Ein Meister und „Pavarotti“ des Violoncellos

(kgc). Als Siegfried Palm am 25. April 1927 geboren wurde, gab es im Fischertal noch eine Frauenklinik. Seine Familie wohnte in der Sedanstraße und der Junge wuchs gleich neben dem Realgymnasium auf, das er nach der Volksschule Viktorstraße besuchte. Von seinem Vater gleichen Vornamens hatte Palm das musikalische Talent geerbt. Sein Vorbild war Violoncellist im Städtischen Orchester. Zum 415. Geburtstag seiner Schule kam Prof. Siegfried Palm wieder einmal ins Tal und musizierte gemeinsam mit Prof. Dr. Joachim Dorfmüller. Er gehörte zu den Menschen aus dem Tal, die in der Fremde berühmt geworden sind, wie auf andere Art Harald Leipnitz, Horst Tappert und Rita Süßmuth.

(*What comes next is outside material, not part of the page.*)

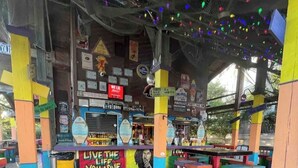 Um deck de madeira com assentos coloridos e uma placa que diz 'LIVE THE LIFE YOU LOVE'.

Bereits mit 15 Jahren spielte Siegfried Palm im Orchester des Stadttheaters Barmen, weil er das Violoncello souverän und perfekt spielte. Drei Jahre später folgte ein Engagement als Solovioloncellist im Städtischen Orchester Lübeck. 1947 kam der Barmer zum Symphonieorchester des NWDR in Hamburg. Von 195 bis 1953 war er Meisterschüler von Enrico Mainardi und spielte bis 1962 im Hamann-Quartett. Die folgende Station hieß bis 1968 Rundfunk-Sinfonie-Orchester Köln. Der Umzug nach dort wurde auch deshalb zum Erfolg, weil Palm die Professur und Leitung einer Violoncellomeisterklasse an der Kölner Musikhochschule übernahm, zu dessen Direktor er 1972 avancierte. 1976 wurde er Generalintendant der Deutschen Oper Berlin. Doch 1981 brach der Individualist entgültig durch, er zerriß die Fesseln des Amtes und reist seitdem als „freier Mensch“ durch die Welt. Es gibt kaum eine Musikmetropole, in der Palm nicht gespielt hat. Professor Palm hat die Spieltechnik des Violoncellos wesentlich weiterentwickelt und ist vor allem als Interpret der Neuen Musik bekannt geworden. Eine Reihe von Komponisten hat er zu Werken für sein Instrument angeregt. Zu besonderen Anlässen kehrte der Cello-Virtuose und Cello-Pädagoge gerne in seine Vaterstadt zurück, ob zum Stadtjubiläum oder zur Eröffnung der Uni-Halle. Anläßlich des 415. Geburtstages seines Sedan-Gymnasiums führte Professor Palm mit dem Organisten Professor Dorfmüller in der Immanuelskirche die „Duo-Fantasie“ urauf, die aus der Feder von Christian Gerhard, einem Sedan-Abiturienten des Jahres 1930, stammt.

Professor Siegfried Palm zählte den früheren NRW-Ministerpräsidenten und Bundespräsidenten Johannes Rau (1931-2006) zu seinen Freunden, den er aus „Sedan-Tagen“ kannte. Als der 16-jährige Palm die Leitung des Schulorchesters übernahm, spielte kein Geringerer als „Bruder Johannes“ die Violine.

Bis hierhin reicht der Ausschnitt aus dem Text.